Before flushing itself from memory, BIOS loads the program stored in the MBR into memory, and the processor then begins executing it. The boot loader program itself is independent of any particular operating system, and allows you to boot several systems, through a rudimentary user interface similar to that of BIOS, but rather simpler. Most GNU/Linux distributions ship with a choice of two boot loaders, Lilo (LInux LOader) and GRUB (GRand Unified Bootloader). Since 512 bytes requires very economical code, the boot loader's job is only to load enough of the OS kernel to see things farther on their way. Data for GRUB is located in the filesystem at /boot/grub, but it is in a specific physical location on the disk so that GRUB can find some of it before the kernel has even booted the file system. GRUB proceeds as follows:
- BIOS code reads the MBR from a disk (inspecting the last 2 bytes to verify that it is indeed a MBR).
- Starts executing bootloader code (GRUB stage 1).
- Bootloader jumps to location (sector num) of next stage. This sector num is stored at a particular location in the bootloader "code" at GRUB install time and usually points to a stage 1.5, which is located in the first 30 kilobytes of disk space immediately following the MBR.
- Stage 1.5 knows about the boot filesystem so it opens the filesystem on a partition that is specified at install-time.
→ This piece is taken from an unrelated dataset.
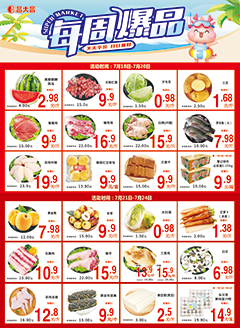 信宜昌大昌第2525期快讯海报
Stage 1.5 is filesystem-specific code used to find the operating system image on the "boot" filesystem. It looks for the stage 2 executable here and executes it. Note since stage 1.5 knows about the boot filesystem it gives much greater flexibility in upgrading stage 2, the kernel, and so forth, as their new locations don't need to be written to the earlier GRUB stages.
- Stage 2 contains most of the GRUB logic. When GRUB Stage 2 receives control, it presents an interface to the user in order to select which operating system to boot. This normally takes the form of a graphical menu, although if this is not available or the user wishes further control, GRUB has its own command prompt, where the user can manually specify the boot parameters. GRUB can also be set to automatically load a particular kernel after a timeout period. It loads the menu.lst file and executes the statements, usually providing a menu to the user, and so on.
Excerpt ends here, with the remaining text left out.